The First Rule of Blog Club…

The rules of Blog Club –

#1 : You talk about and promote Blog Club

#2 : You TALK ABOUT AND PROMOTE Blog Club

#3 : If someone yells, “Stop!”, goes limp, or taps out, then the blog is over

#4 : Only one guy/gal to a blog

#5 : One blog at a time

#6 : No shirts, no shoes

#7 : Blogs will go on as long as they have to

#8 : If this is your first night at Blog Club, then you have to write

Back a couple of years ago in 1999, a sensational book turned movie hit the screen and left its lasting impression on my then adolescent brain. Fight Club, written by Chuck Palahniuk, had everything a reader could ask for: fluid storytelling, epic narration, memorable characters, and witty tag lines.

A couple of years after the book was released, the team of David Fincher, Brad Pitt, Edward Norton, Helena Bonham Carter, and the rest of the supporting cast and crew was going to create something tragically beautiful, something people would continue to reference for the years to come. Fight Club was going to be “that” movie to cling to the walls of people’s minds, just as the movie posters continue to do on the walls of people’s houses. For me, though, Fight Club is more than just a slide on your cloud DVR or a Blu-Ray DVD that slowly collects dust with each passing year.

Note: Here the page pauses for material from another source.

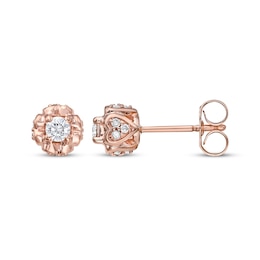 Round-Cut Diamond Solitaire Flower Earrings with Hearts 1/4 ct tw 10K Rose Gold (I/I3)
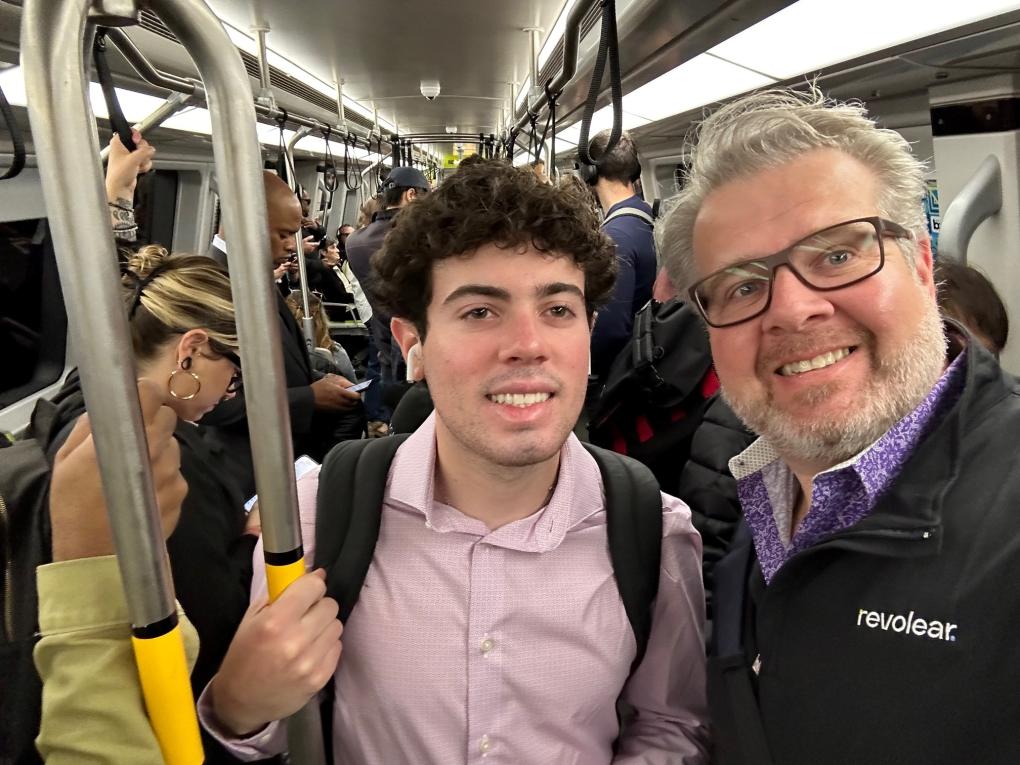 Tyler and Raja Singh pictured commuting together on BART.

After seeing Fight Club for the first time, some cinema enthusiasts want to immediately shave their head, live in a dilapidated house on some industrial side street, join an anarchist organization, fight a random stranger and end with a handshake and a hug, and commit acts of peaceful sabotage against the organized powers of corporate America. The cinematography carries you in its arms with delicate, bare knuckled, blood stained mittens as the narrative (maybe one of the top five greatest narratives of all time) speaks the grittiest, most honest, and untouchable lines that can only be duplicated in today’s day and age. They say imitation is the most sincere form of flattery, and Fight Club led us into a new millennium in which story lines and fictional characters were slowly going to be a copy, of a copy, of a copy, of a copy.

I cannot recall the many times I let the movie play as I slowly fell asleep and let my subconscious take over. Some people like to drift away in a dark room with no electronics, while others prefer to listen to a blowing floor fan, rain shower, a crackling fireplace, or nothing at all. Some of us take the extra step and diffuse the entire room in different essential oils. Now, as I live in the present as an adult teenager with a relentless imagination, I find myself sailing away with the aid of some of those things I previously mentioned. Back then, in the past living as high school nonconformist going off to college, all I wanted (warning: Spoiler Alert – like, “he’s dead the entire movie in the Sixth Sense“, kind of Spoiler Alert – wait, oops) was to watch Tyler Durden and his imaginary friend/self create mischief while rendering human fat into soap and fussing over a pretentious girl named Marla Singer.

So on this day, I would like to don a new writer’s group known as Blog Club, and the rules of our club are listed at the beginning of this post. Project Mayhem Bloggers and Writers, I hope your pens stay full of ink, your finger taps be accurate and sharp, and your paper be as pristine as freshly fallen snow. In Blog Club, we own our original narrative, imitate what we must, and transform our work into the Rosetta Stone of the future, just as our favorite books and movies have done for us. In Blog Club, we see the scenes laid out before us in our mind’s eye and serenade the audience with the lens of our camera. If the story is good, they will remember it. Lastly, in Blog Club, we never doubt ourself, because we all know what doubt does to dreams and dreamers.

We are writers, yes, and we would be lying if we did not admit that it is one of the loneliest jobs that ever existed. Some of us might as well been placed in an adjacent solar system on a planet that is void of all civilization. Death would be the only thing waiting for us, and in death, a writer of Blog Club has a name.

There is hope, even though losing all of it would be freedom, and we will find it together as we write until the stars fall from the sky. We may lose ourselves in oblivion, dark, silent, and complete, but we do not have to do it alone, even if we do let go of the rails for a minute or two. Be strong my fellow bloggers, writers, and adventurers.

We are Blog Club, world, and we will not go down without a fight.

(Cue “Where Is My Mind” by The Pixies)

Push Play and Listen for Free : The Pixies – “Where Is My Mind”

Ten Quotes from Fight Club:

“I don’t want to die without any scars!”

“This is your life and it’s ending one moment at a time.”

“You know how they say you only hurt the ones you love? Well, it works both ways.”

“The things you own end up owning you.”

“At the time, my life just seemed too complete, and maybe we have to break everything to make something better out of ourselves.”

“If you don’t know what you want,” the doorman said, “you end up with a lot you don’t.”

“I am Jack’s complete lack of surprise.”

“Worker bees can leave. Even drones can fly away. The Queen is their slave.”

“If you died right now, how would you feel about your life?”

“We buy things we don’t need with money we don’t have to impress people we don’t like.”